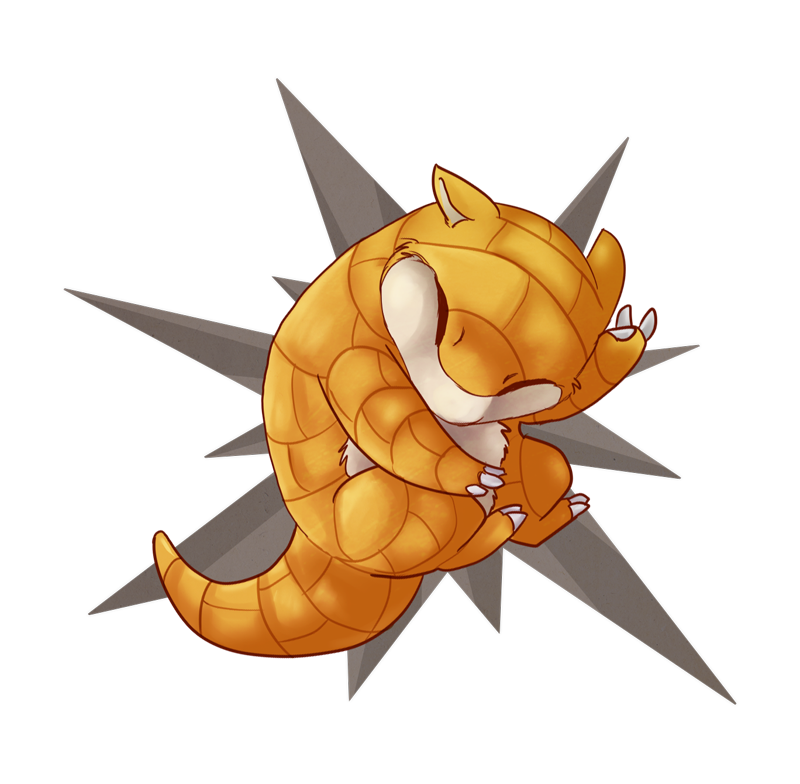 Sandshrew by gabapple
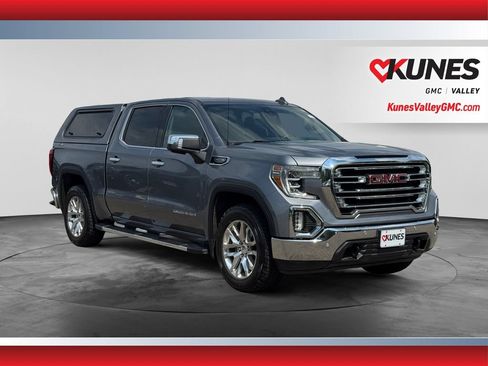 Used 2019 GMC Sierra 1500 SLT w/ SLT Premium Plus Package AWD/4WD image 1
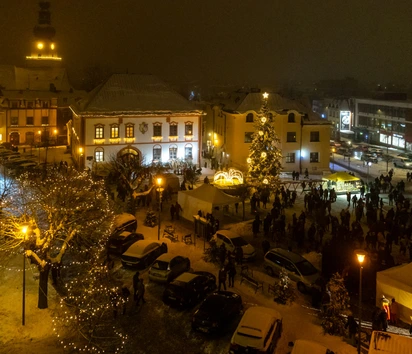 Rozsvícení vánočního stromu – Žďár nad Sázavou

PROBLEM REQUIREMENTS: An unaltered copy of the material, without images, should be set down.

SOLUTION FOR THIS EXERCISE:
 Sandshrew by gabapple
 Used 2019 GMC Sierra 1500 SLT w/ SLT Premium Plus Package AWD/4WD image 1
 Rozsvícení vánočního stromu – Žďár nad Sázavou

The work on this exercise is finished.